Can I Afford: A Car?

Car and money - Credit: iStockPhoto.com

Buying a car can be both a stressful and an exhilarating experience. The biggest mistake most people make is not deciding on several key factors up front. In order to get the most suitable car for your needs, you'll need to establish a solid plan before you go shopping for a car. Alan, a marketing manager, just got promoted and is asking himself, "Can I afford a car?" After making a few decisions and running a few numbers, he's off to the races.

Budget

The first step in determining whether you can afford a car is to decide on your budget. This number should be the highest price you are willing to pay including taxes, insurance and fees. Alan is currently making an income of $85,000. There is a possibility he will get a raise soon, but with the current state of the economy, his job isn’t set in stone, either.

Alan contemplated three things before going out to shop for a car: Did he want new or used? Should he lease? Or should he buy outright?

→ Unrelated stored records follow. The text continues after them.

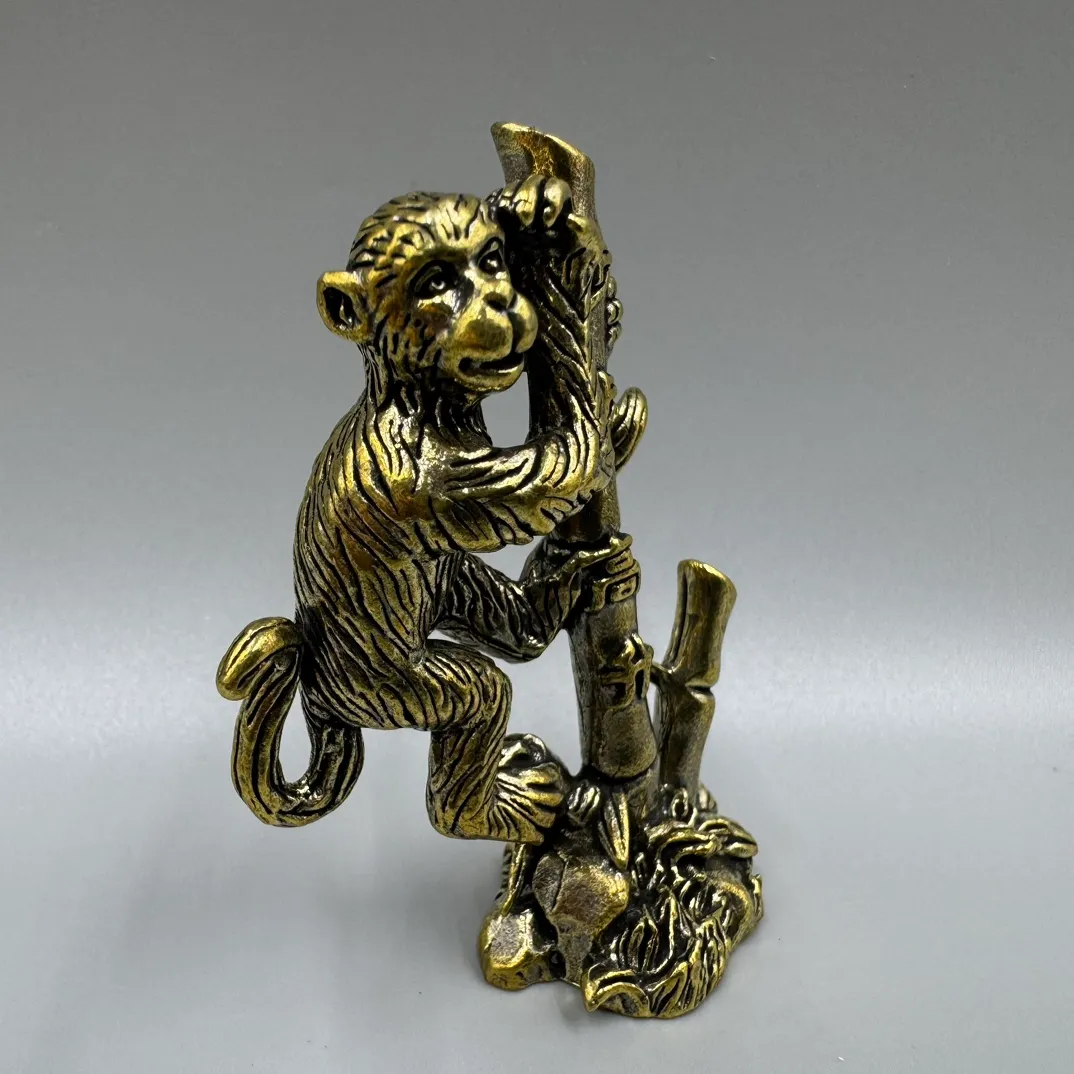 Hot Solid Brass Monkey Figurine Statue House Office Decoration Animal Figurines Toys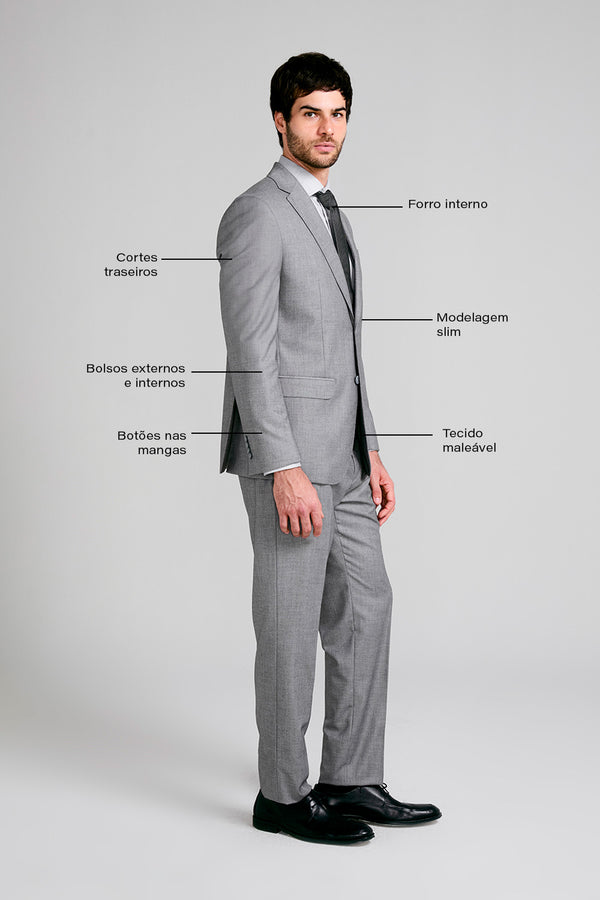 Terno Slim Fit PV Liso - Cinza Claro
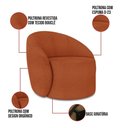 Ver imagem 4 de Sofá 3 Lugares Orgânico 180cm Morgan e Poltrona Lua Bouclê Terracota D03 - D'Rossi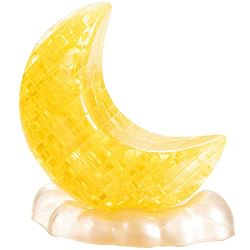 HCM Kinzel- Puzzle de Cristal, 3D, Luna, Color Dorado (59194)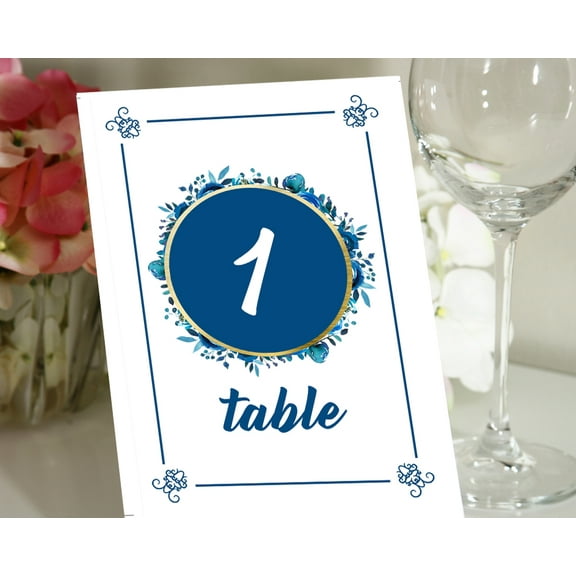 Darling Souvenir Round Floral Frame Table Numbers DIY Wedding Reception Table Top Cards-4" x 6" (1 to 12)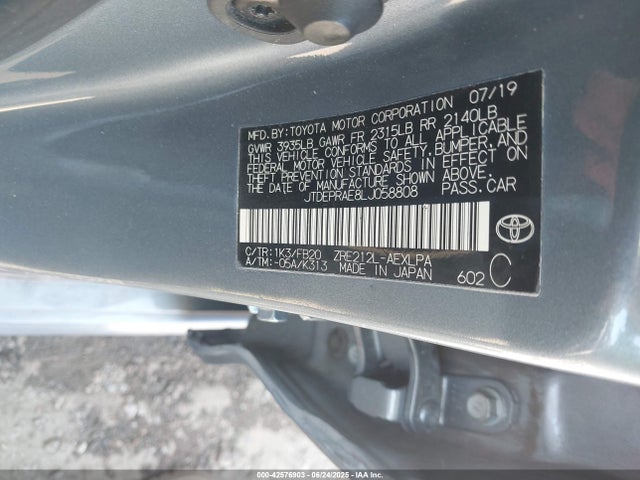 JTDEPRAE8LJ058808 Toyota 2zr-fae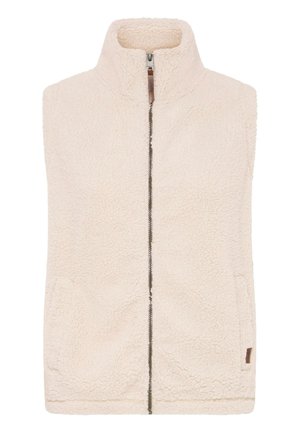 Cremefarvet fleecevest med høj krave, lynlåslukning foran og sidelommer. Har en blød, struktureret overflade og brune læderdetaljer.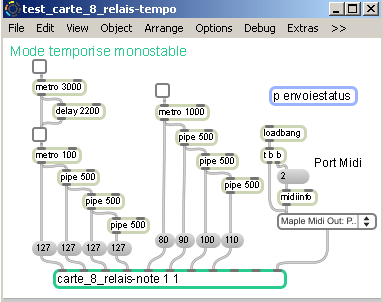 Test de relais avec des Control Change Midi.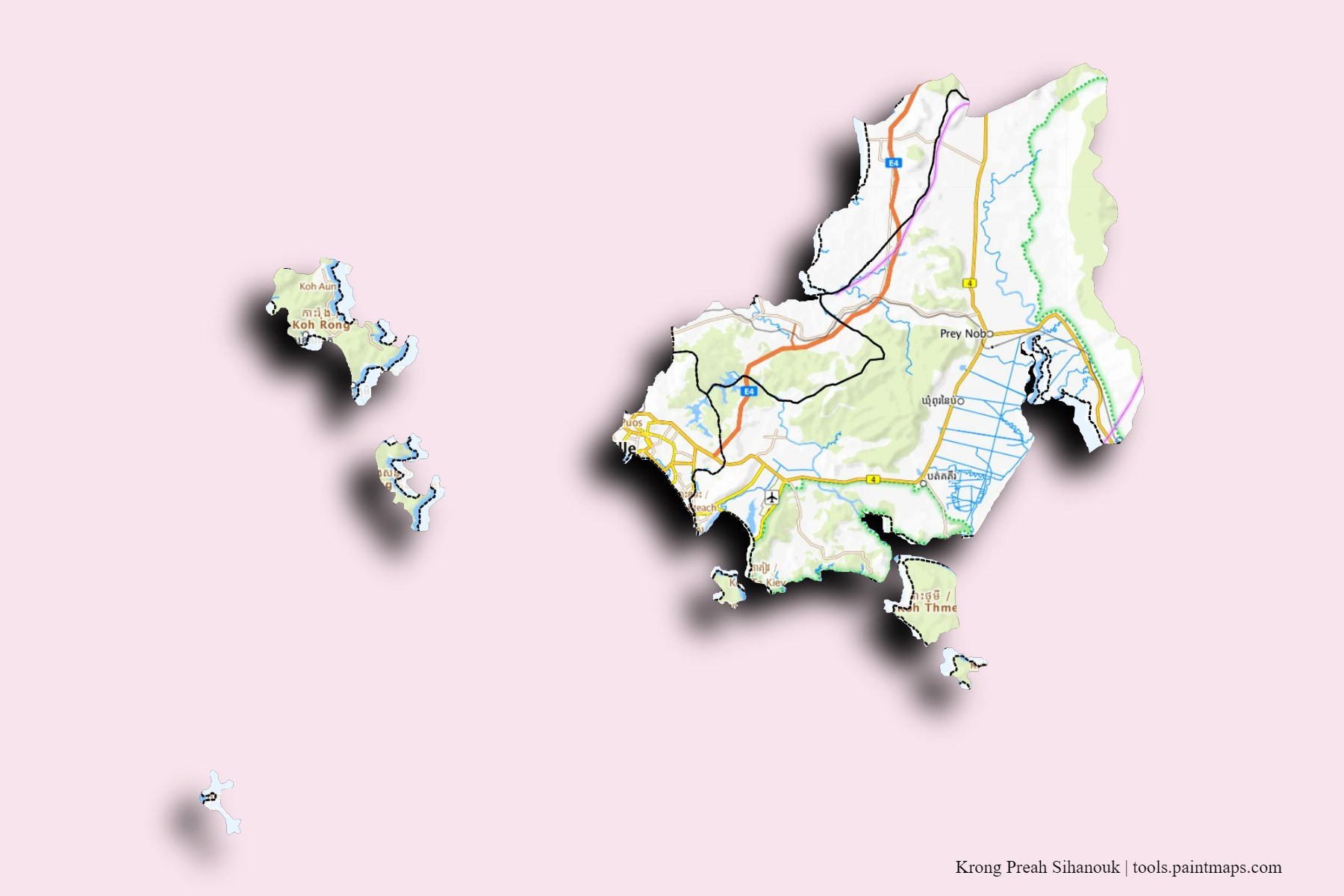 Preah Seihanu and counties map with 3D shadow effect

These aren't easy questions to answer, as they often bring even more uncertainties to light.

There are several benefits to buying a new car: When you buy a new car, you don’t have to worry about previous maintenance records and all the mess that could go along with a sordid vehicular history. However, with a new car, you'll be paying a premium to not have to deal with those worries.

Leasing often involves higher insurance costs and a high level of scrutiny when the vehicle is returned. Leasing works well if you drive only 10,000 to 20,000 miles per year because a cost is added for extra miles driven. Some financial experts argue that it is better to buy appreciating assets and lease or rent depreciating
assets. Alan liked the idea of having a new car without maintenance worries, but he drives too many miles to lease a new car.

Debt ratio

Less than one

The first calculation to determine whether you can afford a car is that of your debt ratio, which shows the percentage of debt to assets you own. Take your total debt and divide that number by your assets. The lower the number, the better off you are, until you go into negative numbers. Therefore, your debt ratio should be less than one.

If you are buying a new car, it is important that you pay off all short-term credit card debt. If your debt ratio is greater than one, meaning that you have more debt than assets in the bank, you should buy a used car if you must have a car at all.

When buying a used car, always get it checked out by a qualified, certified and trustworthy
mechanic. Also, research various dealerships' pre-owned plans with vehicle inspection programs. Alan looked at all the dealership's certified pre-owned cars before he test drove a few new cars to see the differences.

Car price to equity ratio

No more than one

In answering the question, "Can I afford a car?" the next calculation to make is the car price to equity ratio. Take the final price of the car and divide it by the total amount of assets you have in the bank. The lower the number, the better off you will be financially. If the number is too high, you are buying too much car for the amount of money in your bank account.

For example, Alan has $50,000 in the bank and the car he likes costs $15,000, giving him a ratio of .30. Now, if he had $75,000 in the bank and the cost of his car was $15,000, then he would have a ratio of .20, which is lower and better. The second example shows a more
sound financial decision on Alan’s part.

Interest and principal payment amount

No more than 20% of monthly net income

The last calculation to make is that of the interest and principal payment amount. Every loan compounds interest differently. Some loans compound daily, some monthly and others annually. However, a basic interest computation can be done using the percentage of your interest rate.

Let’s say Alan got an interest rate of 5% and the price of his car was $25,000. For this calculation, you would multiply .05 and 25,000 to get $1,250, which is roughly the amount he would pay in interest annually. The key is to make sure you can afford your
monthly payments. This means that the combined principal payment and interest payment should be no more than 20% of your monthly net income.

an almost free ride

Overall, buying a car is time consuming and stressful. However, if you do your homework and crunch a few numbers, then you can figure out whether or not you can afford a car and, just like Alan, you'll be far ahead of the game.